[[ Data extract, beginning ]]

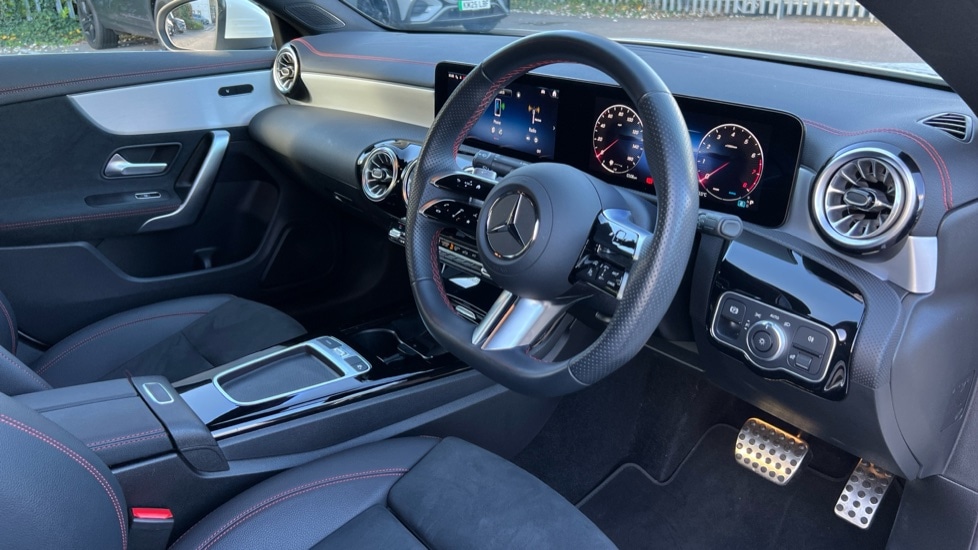 Used Mercedes-Benz CLA 2024 for sale - 76373002: Photo 3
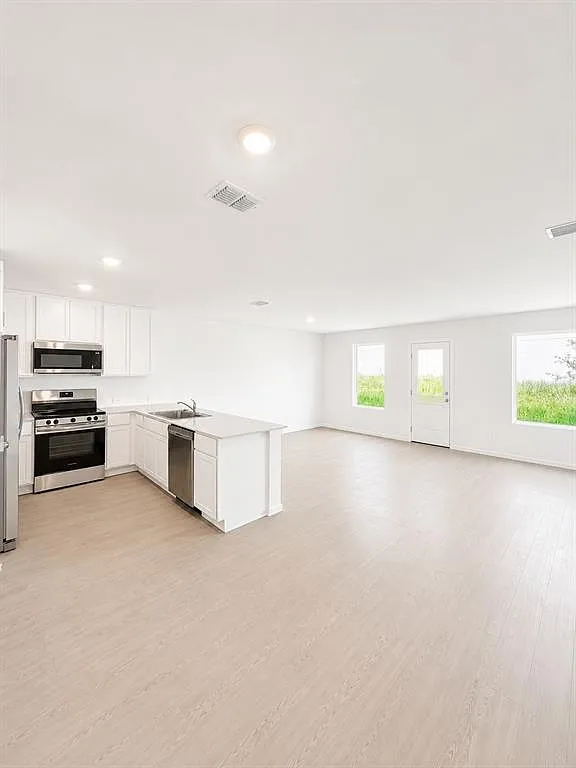 4 bed, 2.0 bath, 1733 sqft, $2,050 — Photo 4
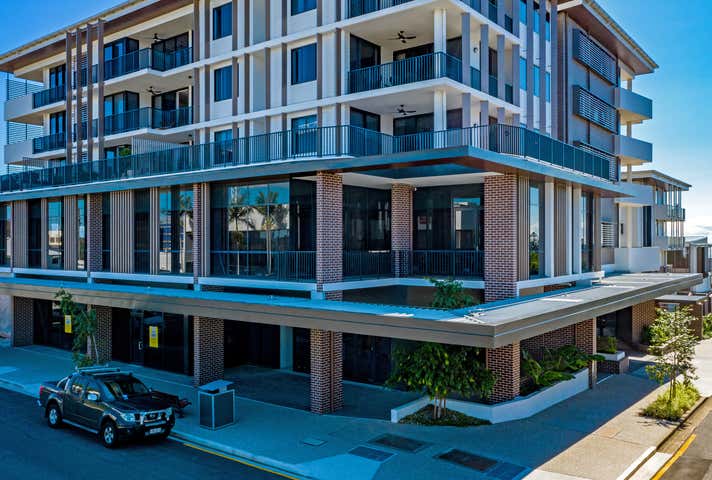 Ground Floor, 66 Bay Terrace Wynnum QLD 4178 - Image 1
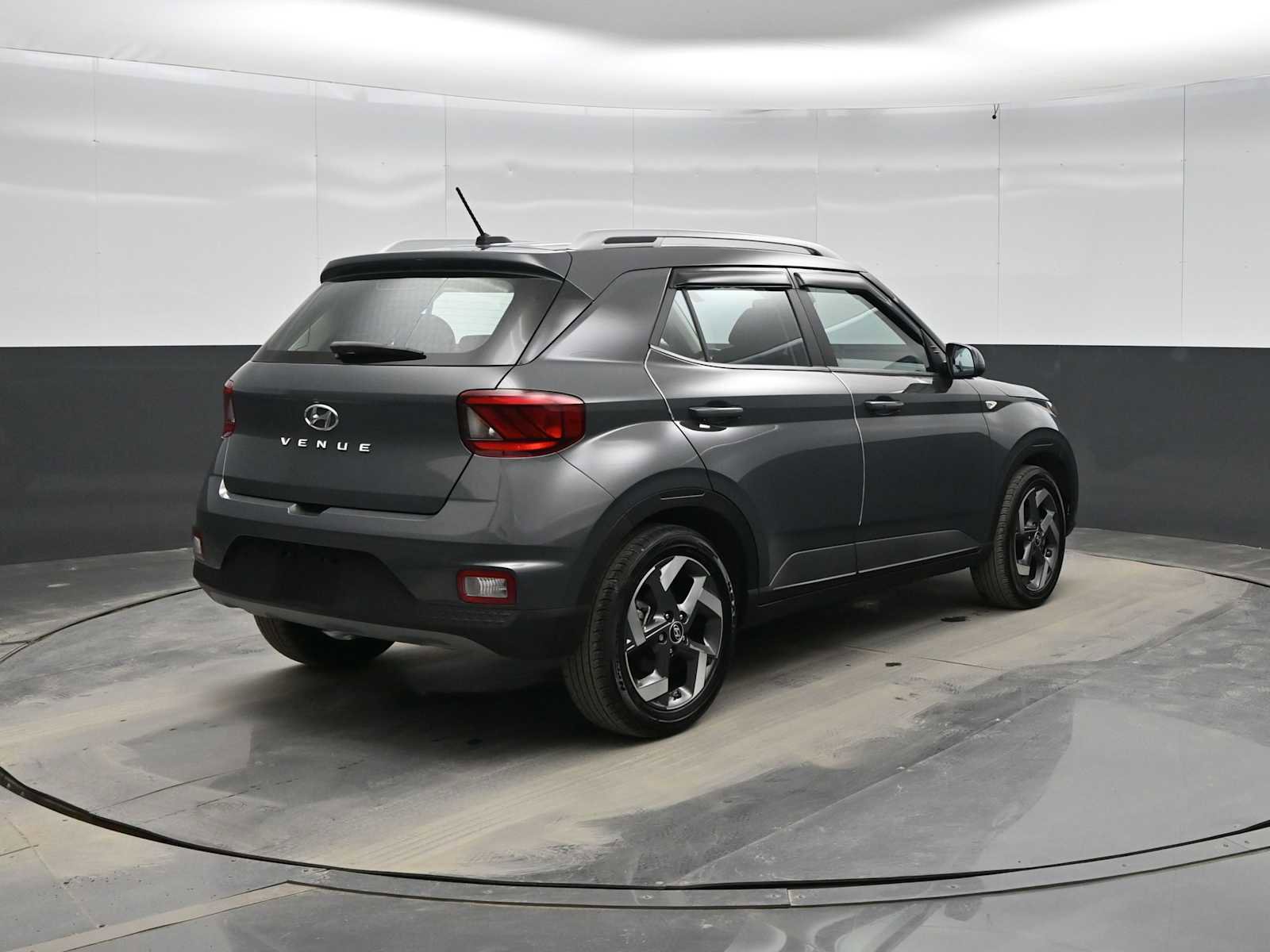 Certified 2024 Hyundai Venue SEL image 7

[[ Data extract, end ]]

**The task**
Every line from the one that holds "Ground Floor, 66" to the end of the listing should be output exactly, with pictures left out, please.

**Response to this exercise**
 Ground Floor, 66 Bay Terrace Wynnum QLD 4178 - Image 1
 Certified 2024 Hyundai Venue SEL image 7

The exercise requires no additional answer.